### Supplied material
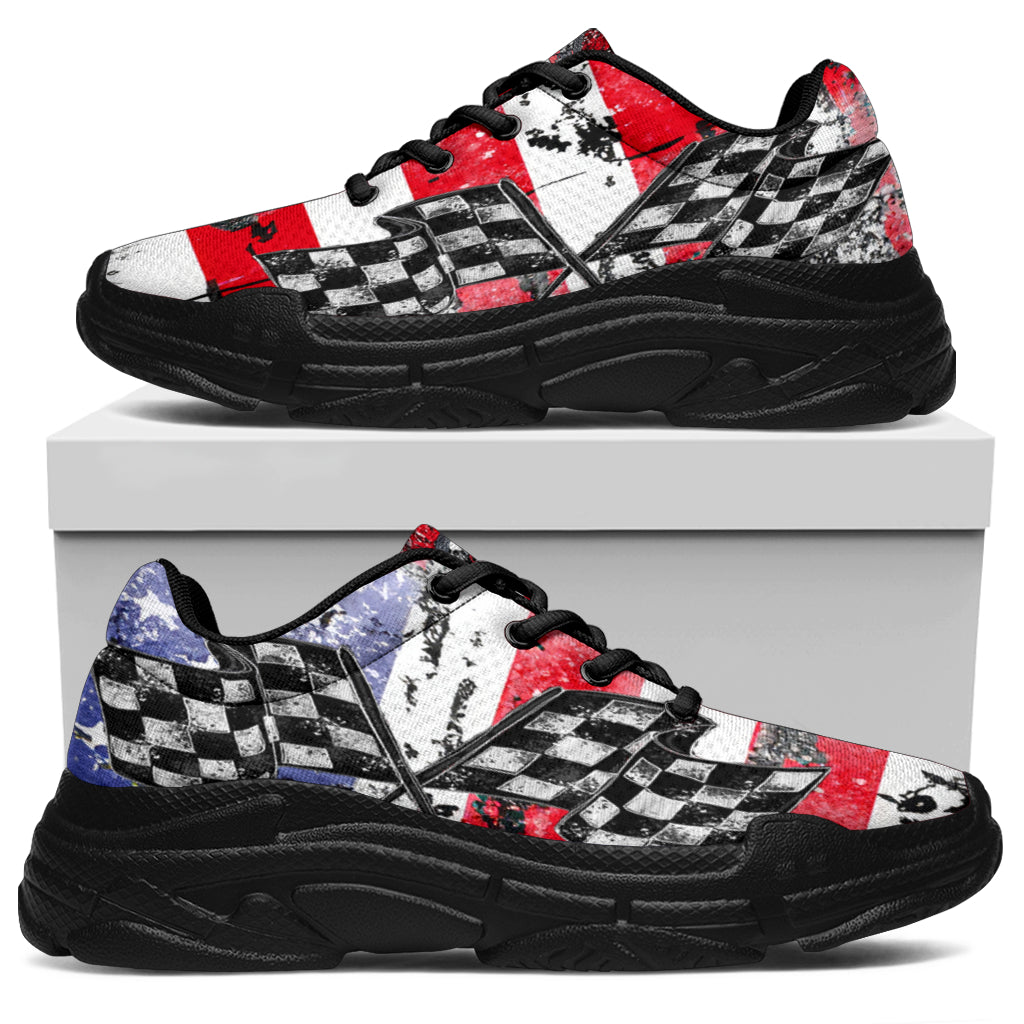 USA Racing Chunky Sneakers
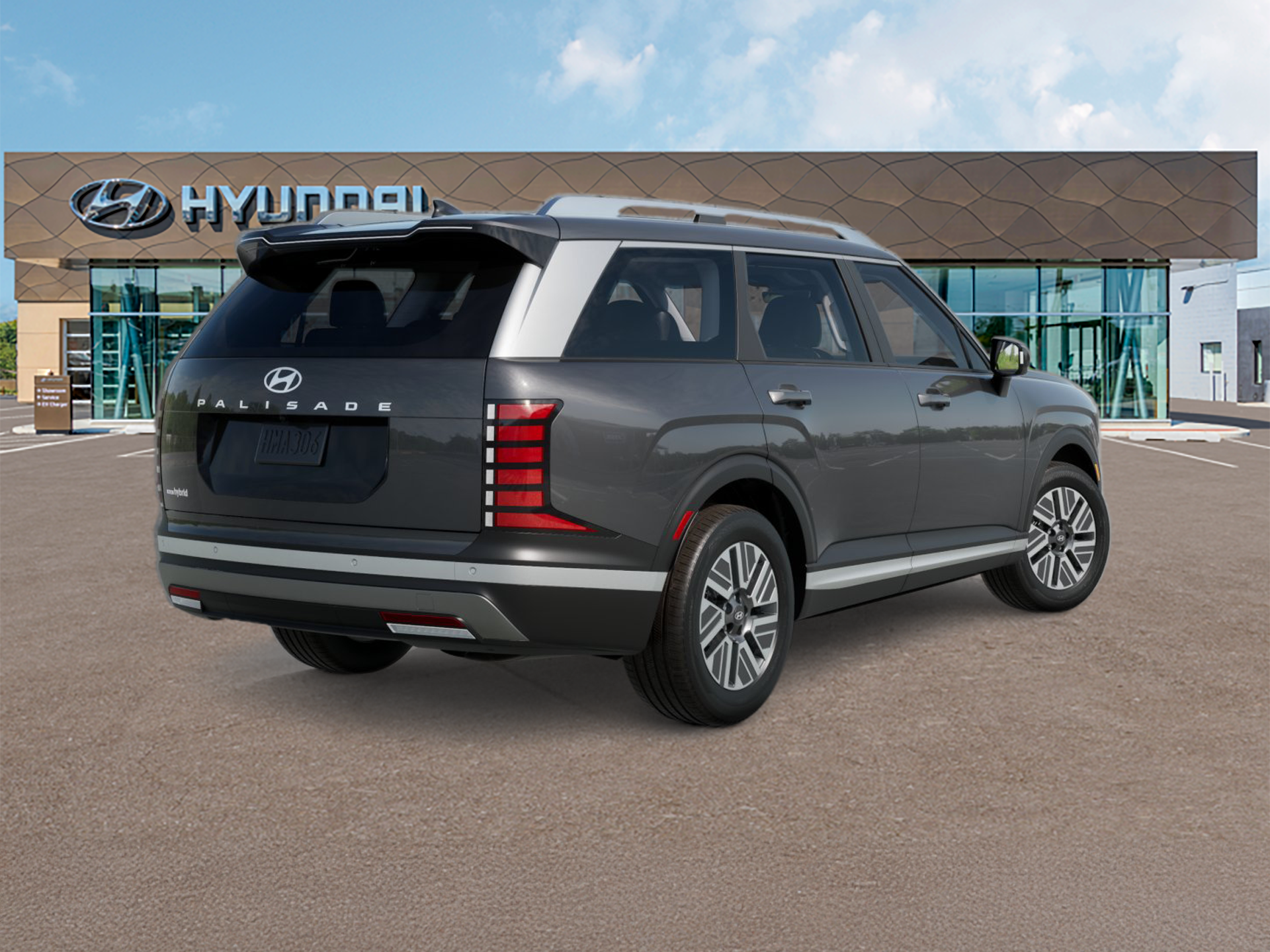 2026 Hyundai Palisade Hybrid Blue SEL 8P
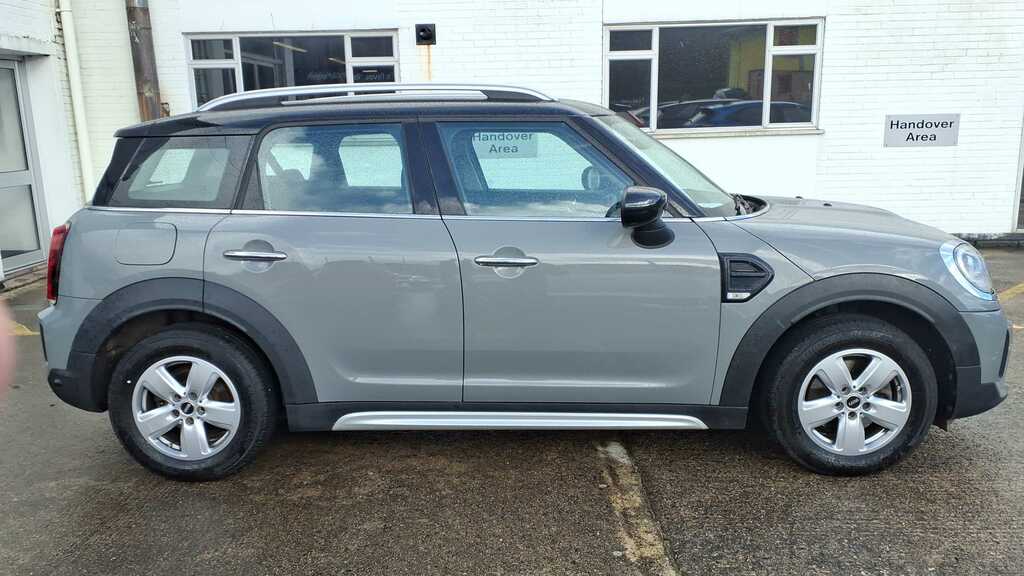 Mini Countryman 1.5 Cooper Classic 2021 BP21GZD Grey #3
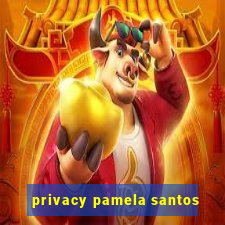 privacy pamela santos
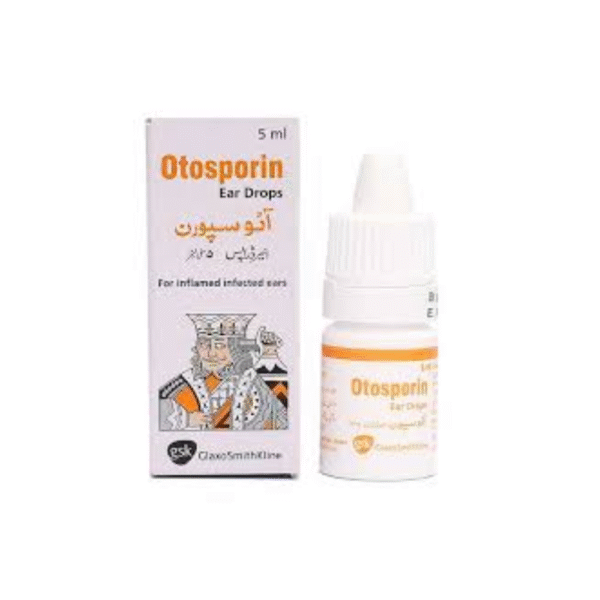 OTOSPORIN EAR DROPS 5ML OTOSPORIN EAR DROPS 5ML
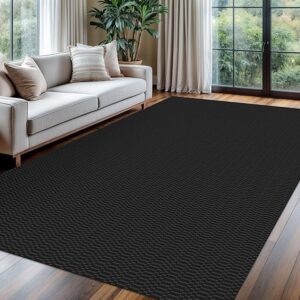 KOZYFLY Washable Area Rug - 6x9 Ft,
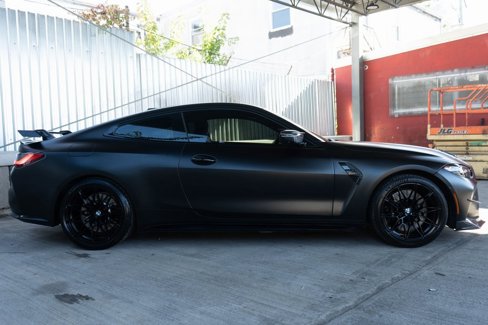 Used 2024 BMW M4 xDrive Competition w/ M Carbon Exterior Package image 2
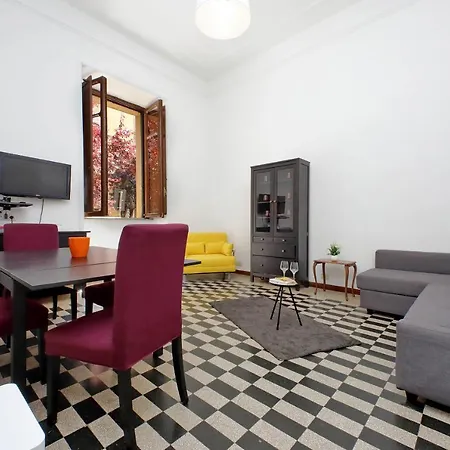 Lägenhet 4bnb - Quiriti Delightful
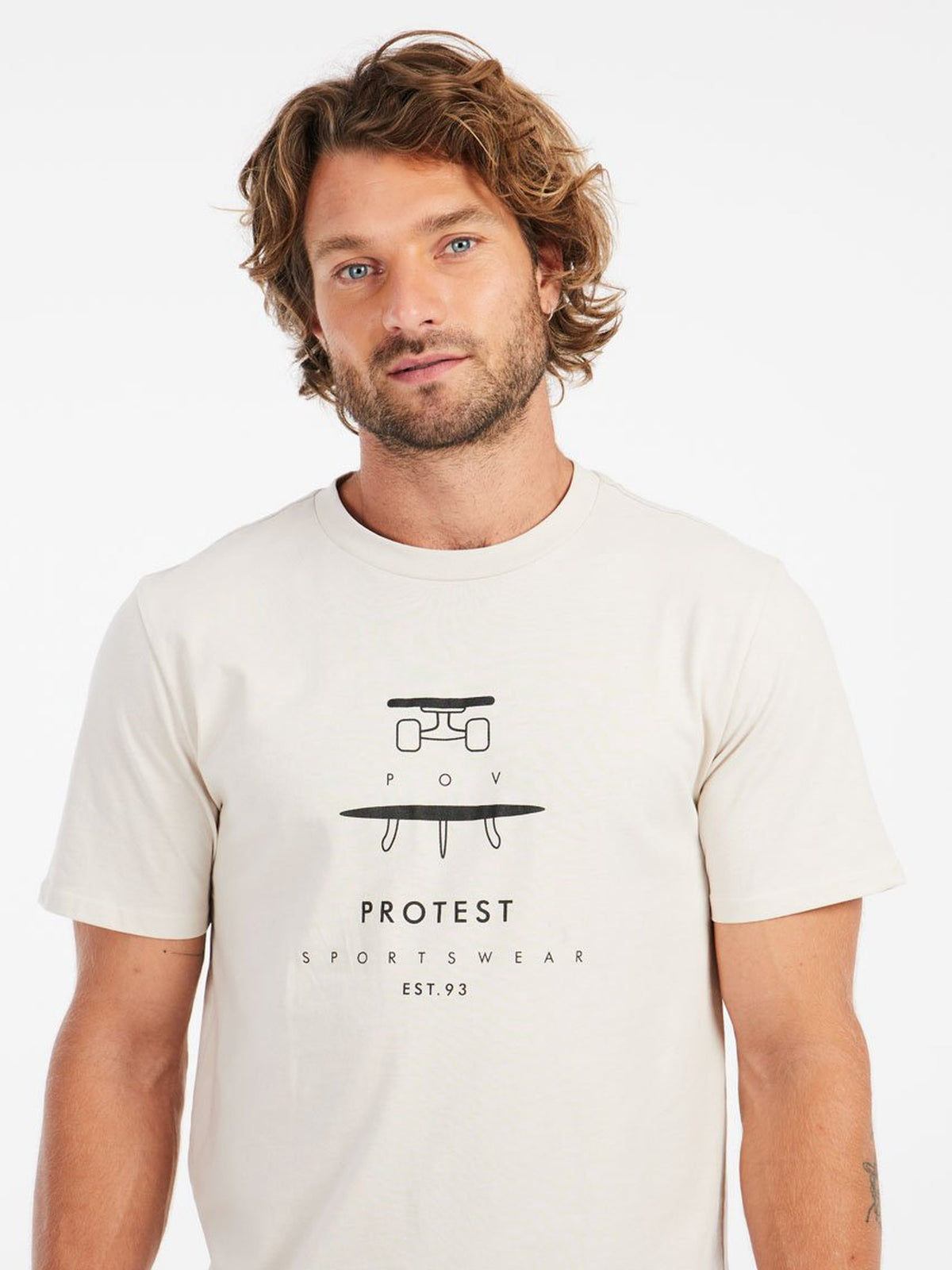 PROTEST PRTAndros T-shirts & Polos | Kitoffwhite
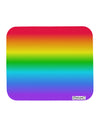 Horizontal Rainbow Gradient Mousepad All Over Print by TooLoud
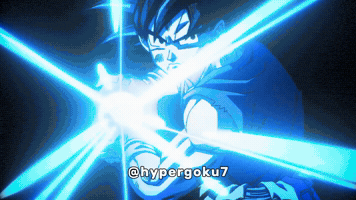 Dragon Ball Super Goku Kamehameha GIF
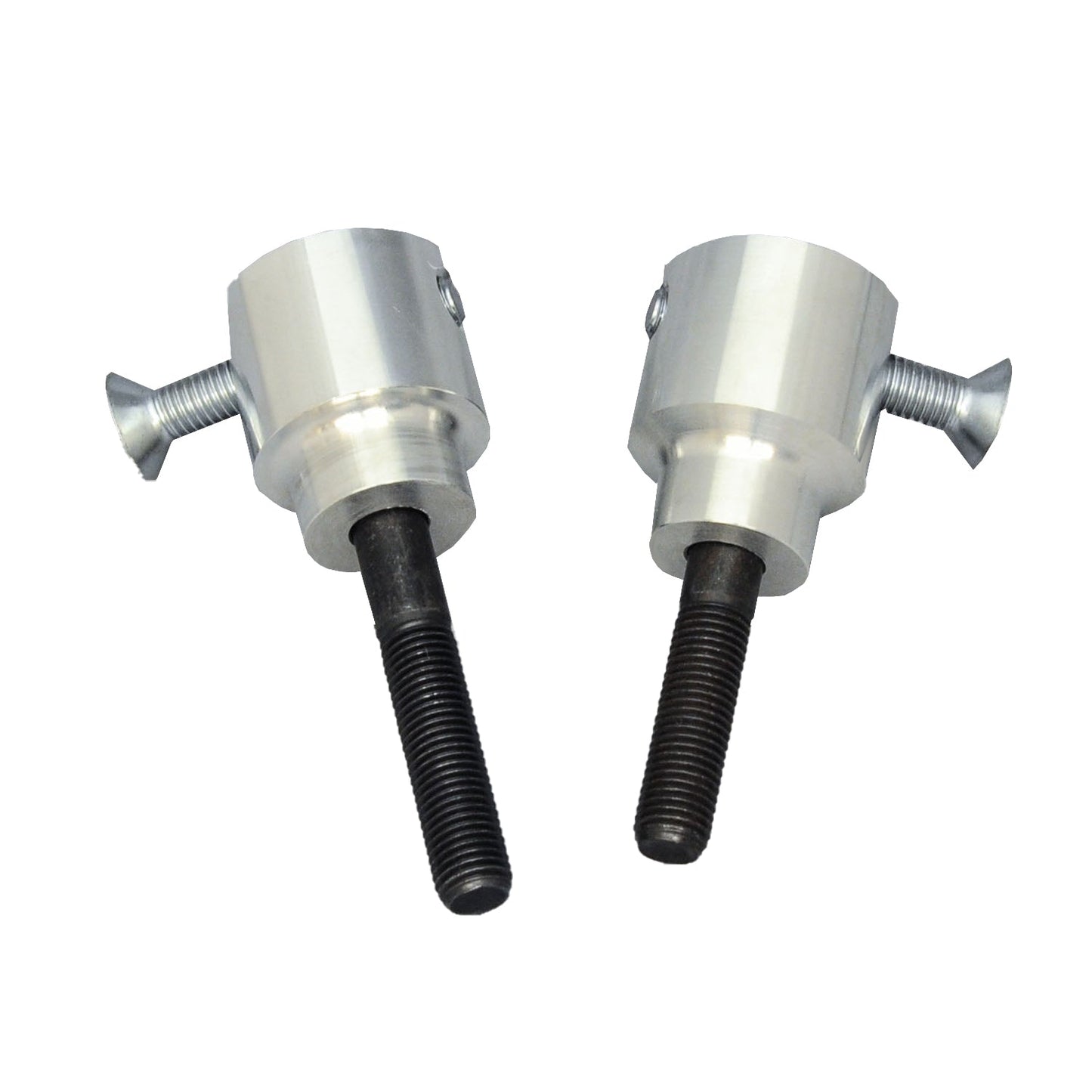 50-0270 Suzuki Hayabusa 1999-07 Frame Slider Base Kit (pucks sold separately) - Woodcraft Technologies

### What is expected
Produce an exact copy of the lines from the line containing "PROTEST PRTAndros T-shirts" through the last line of the records, with no pictures and no other text.

### Written answer
 PROTEST PRTAndros T-shirts & Polos | Kitoffwhite
 Horizontal Rainbow Gradient Mousepad All Over Print by TooLoud
 Dragon Ball Super Goku Kamehameha GIF
 50-0270 Suzuki Hayabusa 1999-07 Frame Slider Base Kit (pucks sold separately) - Woodcraft Technologies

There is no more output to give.